- Poster
- Directed by: Gaku Narita
- Starring: Ayako Kawahara Saburō Tokitō Misa Shimizu Zen Kajiwara
- Composer: Timothy Michael Wynn
- Country of origin: Japan
- Original language: Japanese
- No. of episodes: 10

Original release
- Network: SKY PerfecTV!
- Release: January 19 – May 25, 2011

Related
- Tokyo Airport: Air Traffic Controller

= Tokyo Control (TV series) =

Tokyo Control (TOKYO コントロール) is a 2011 Japanese television drama series that is produced by Sony and Fuji Television. It is the first television series in 3D made in Japan. It revolves around air traffic control, and it stars Ayako Kawahara and Saburō Tokitō.

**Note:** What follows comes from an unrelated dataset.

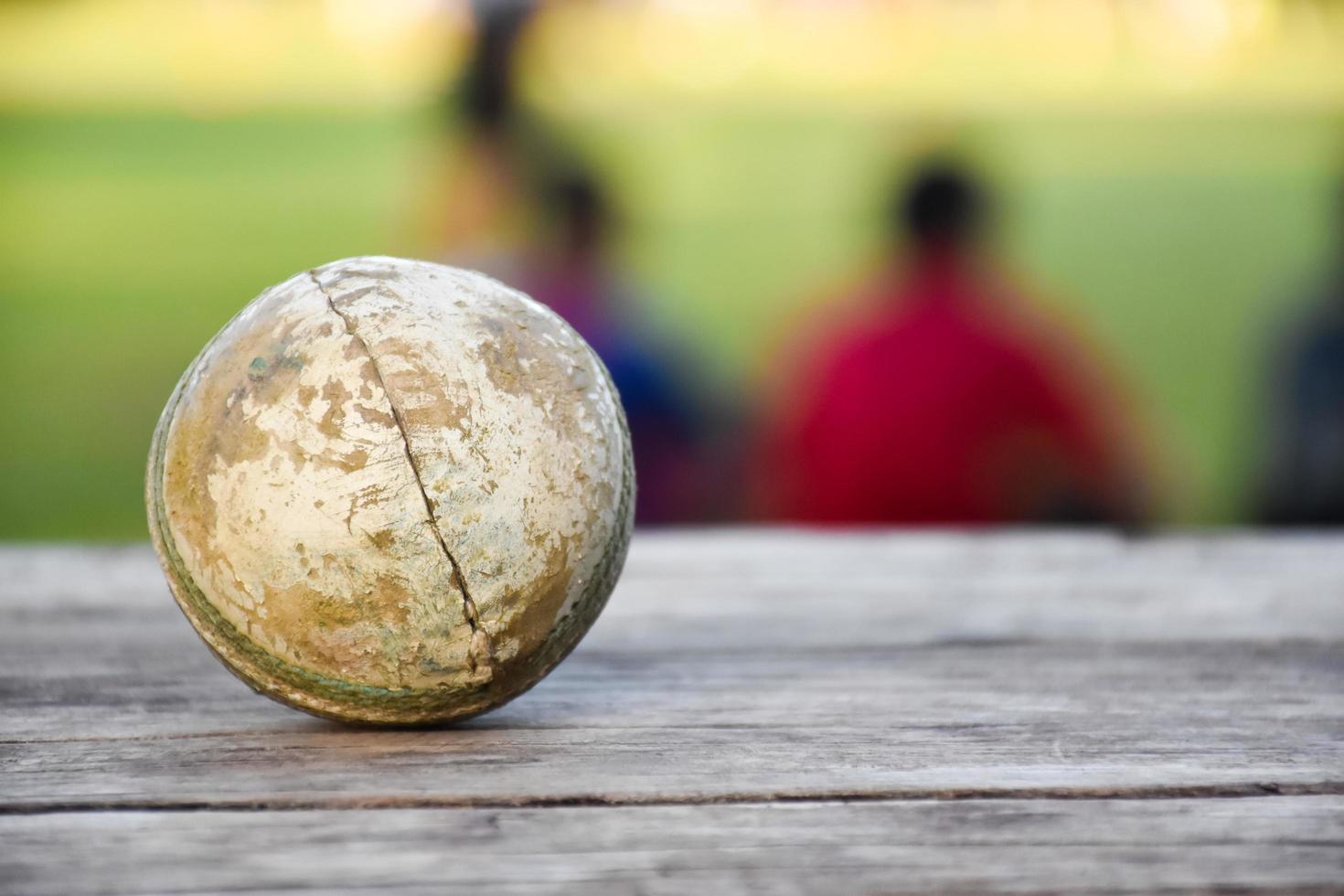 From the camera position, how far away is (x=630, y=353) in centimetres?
459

Tokyo Control premiered on Sky PerfecTV! HD, a subscription-based channel on the Fuji Television network, on January 19, 2012. It was aired in both 2D and 3D formats, and has a total of 10 episodes. The series has been well received by viewers.

==Cast==
- Ayako Kawahara as Maki Suzuki, one of the chief air-traffic controllers
- Saburō Tokitō as Noboru Yuki, a chief air traffic controller
- Misa Shimizu as Kimie Saitou, a daytime air traffic controller
- Zen Kajihara as Motoharu Yano, a chief air traffic controller
- Maho Nonami as Haru Nakajima, an air traffic controller with 3 years of experience
- Takuma Oto as Kouji Hara, one of the chief air traffic controllers
- Rome Kanda as Keichi Ota, a chief air traffic controller
- Yosuke Kawamura as Makoto Yamada, a trainee air traffic controller
- Masanobu Sakata as Tetsushi Shimoyanagi, one of the chief air traffic controllers
- Toru Nomaguchi as Takashi Shikishima, an air traffic controller with 5 years of experience and loves coffee
- Takashi Ito as Kazuma Kinoshita, a drillmaster
- Yuji Sugao as Takeshi Matsumoto, an air traffic controller with 5 years of experience
- Narumi Konno as Narumi Kawamoto, an air traffic controller with 2 years of experience
- Naoto Kinosaki as Kodai Takahashi, an air traffic technician
- Takehiko Ono Hiroshi Yokoyama, an air traffic technician, but retires and works for a coffee shop

==Production==
The production team consulted with the production staff of the film Avatar before making the series.

==Reception==
Rick Martin described the series as "Surprisingly good" and that it "was smartly photographed to take full advantage of the 3-D platform". He also praised its filming technique, saying that its "camera movements are slow and subtle enough so as not to be distracting, but they're significant enough to continually create noticeable changes in perspective."

The series producer said that of the emails the production crew received, "nearly all [were] positive". He added that most "viewers find the stories interesting."